The Nats Blog: Clay Bucholz has been considered the arm of the future for the past several years now, will this be the season he finally puts it together?

Over The Monster: I think we saw Buchholz put it together at the end of last year. He seemed to finally become the pitcher the Red Sox have been waiting for in the last stretch of the season. Obviously he’s going to improve with time, but it seems to me he made that “Jon Lester turn.” I don’t think we need to worry about if he’s got the makeup or the stuff or anything like that — now it’s just a matter of how good he’ll actually be.

TNB: With the slow decline of David Ortiz, and the loss of Jason Bay, will the Red Sox have enough offense to top the Rays and Yankees in 2010?

OTM: The Red Sox’s offense won’t be as good as it has been the last few years, but the good thing is that they don’t need it to be. With the improved defense and starting pitching, the Red Sox offense will need to do less work to gut out victories. There shouldn’t be too many 11-10 games in Boston this year. They should be more like 2-1, 3-2. With the defense improving so greatly and the rotation adding an ace in John Lackey, the offense doesn’t need to be as strong as in the past few years. With that said, General Manager Theo Epstein has said if the team needed a bat at the deadline, he’d go out and grab it.

TNB: What will the Red Sox do with Mike Lowell after a voided trade and a thumb injury? Where will he fit in? If at all.

OTM: The man to watch come Spring Training is Mike Lowell. If he comes out healthy, swings the bat well and at least shows some mobility at first base or third base, Lowell could definitely be traded before the start of the season. I’d be surprised if Lowell is with the Red Sox on Opening Day; the bridge has been burned.
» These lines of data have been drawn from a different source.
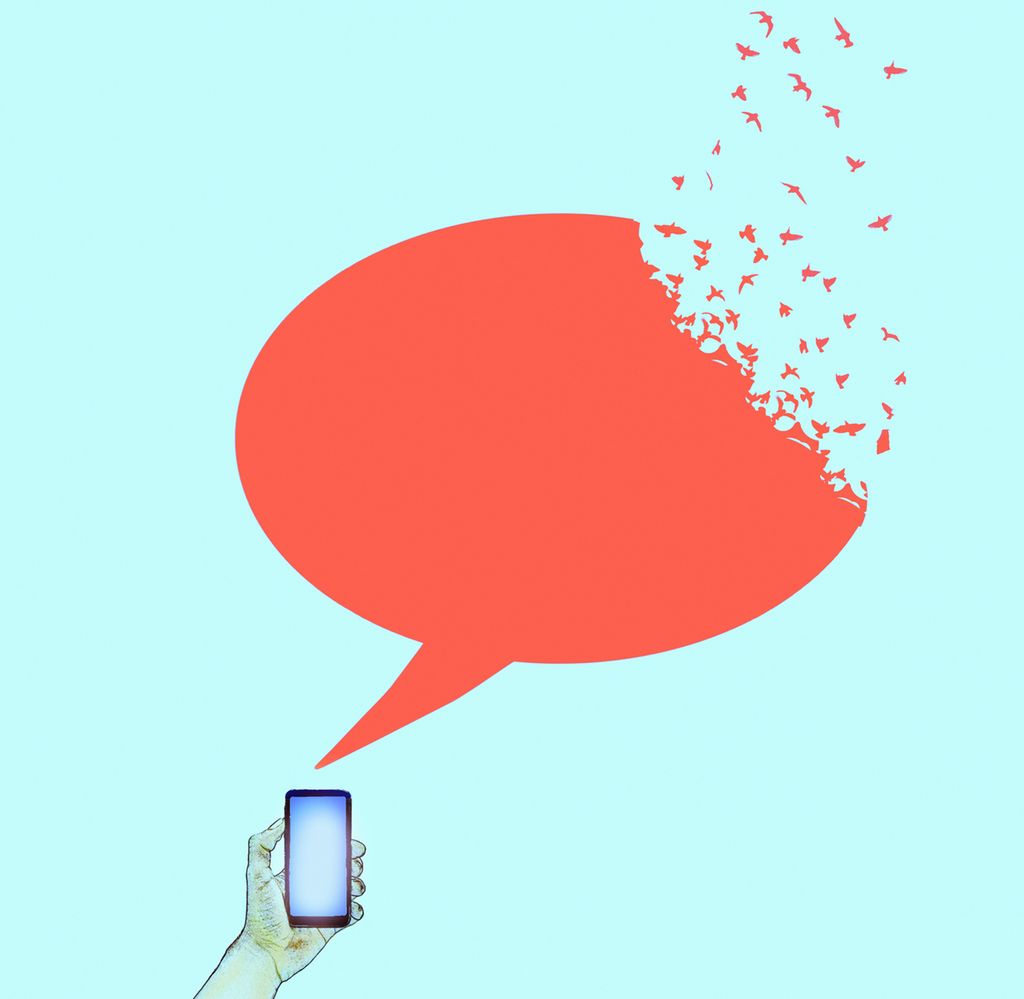 Snakkeboble kommer ut av en mobiltelefon og blir til frie fugler som flyr. Illustrasjon.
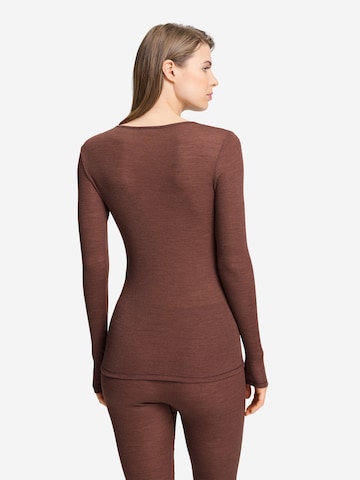 Hanro Shirt ' Woolen Lace ' in Bruin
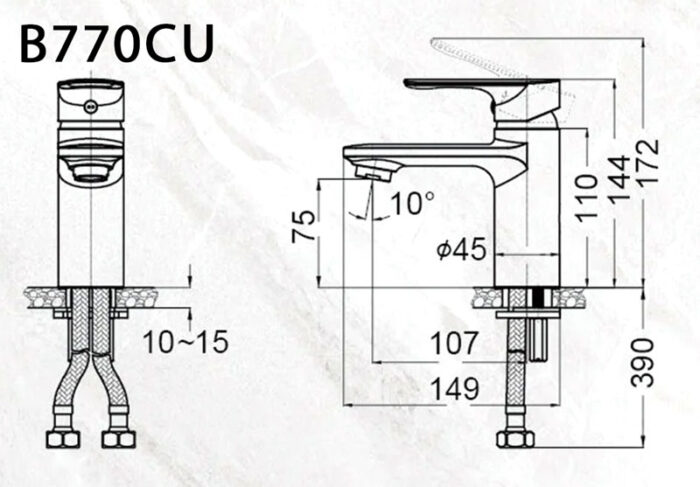 ban ve ky thuat voi chau lavabo caesar b770cu nong lanh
If he is on the team, he’ll work as a backup at third base (rarely), see some time at first (rarely) and perhaps platoon with David Ortiz at designated hitter (the most likely scenario).
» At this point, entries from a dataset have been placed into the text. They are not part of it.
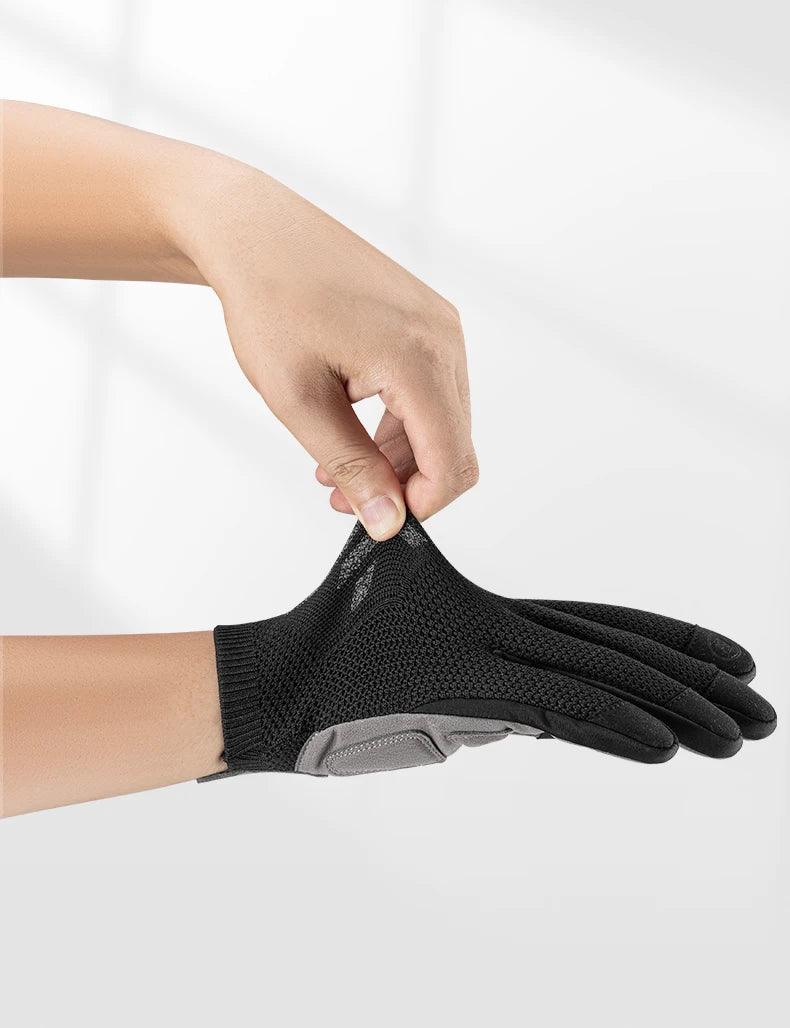 ROCKBROS Bicycle Gloves Full Finger Cycling Gloves Knit Fabric Touch Screen Motorcycle Gloves Autumn Winter Thermal Windproof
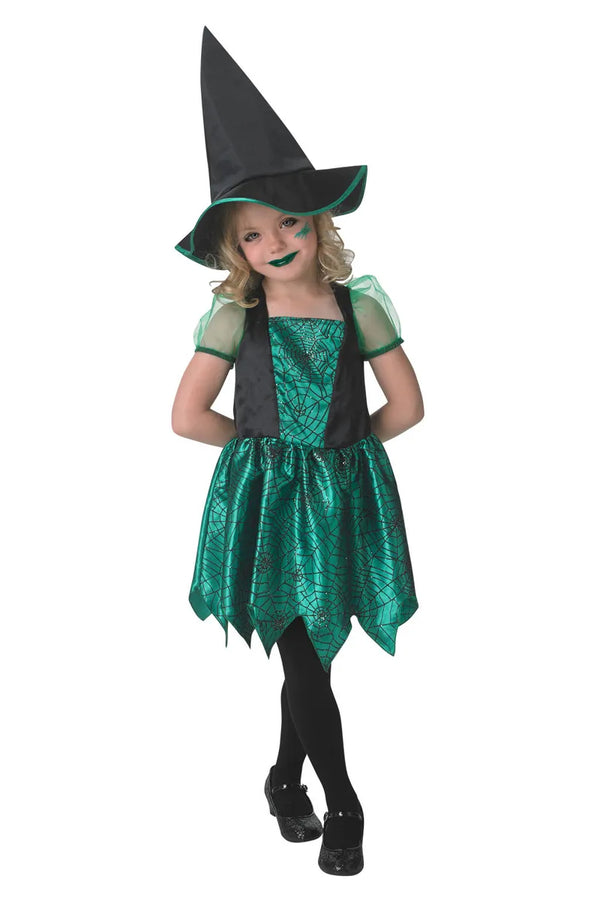 Girls Green Spider Witch Costume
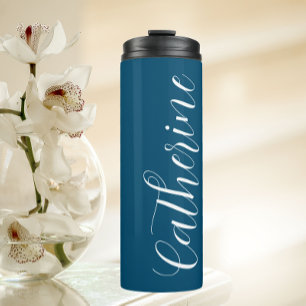 Teal Blue Stylized Wedding Bridesmaid Name Thermal Tumbler
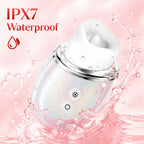 PearlShine IPX7 waterproof lip suction vibrator shown with water splashes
TNB: What additions do  you wish the Red Sox would have made this offseason?

OTM: I would have liked a bigger bullpen arm. The Red Sox lost Takashi Saito and Billy Wagner and really weren’t able to fill that void — at least from as far as we can tell. Wagner had a short time with the Sox, but was really good. Saito put together an impressive (and a tad deceiving) 2009, but now the Sox will have to turn elsewhere for their roles. The good thing is Daniel Bard will be a better bullpen pitcher this season, filling some of that void.

TNB: 2004 was a special time for my family, much of which is from Massachusetts. In your opinion, how has the culture of baseball in New England changed since the sox “broke the curse?”

OTM: The culture has changed because the Red Sox are no longer the “underdogs” in the eyes of the world. They are no longer the lovable losers. Not only are the winners, but they’re spending money, too — which doesn’t help their cause to be in the real Nation’s good graces because they are compared to the Yankees. Before 2004, the Red Sox were the “anti-Yankees.” Now they are “like the Yankees.”

TNB: What is your all time favorite Red Sox memory?

OTM: It’s cliche, but how can I not choose the Red Sox winning the Series in 2004? It was just an amazing moment as it all came together. Of course, the 2004 ALCS was a better series than the World Series, and perhaps the greatest sports series of all time, but I just lump them both together. As far as my favorite personal memory, I saw Pedro pitch on his birthday in 2000 against the White Sox. He struck out 15 in a complete game and the Red Sox won 1-0. It was one of the greatest pitchers of all-time pitching in one of the greatest seasons of all-time. I can’t wait to tell that story to my kids.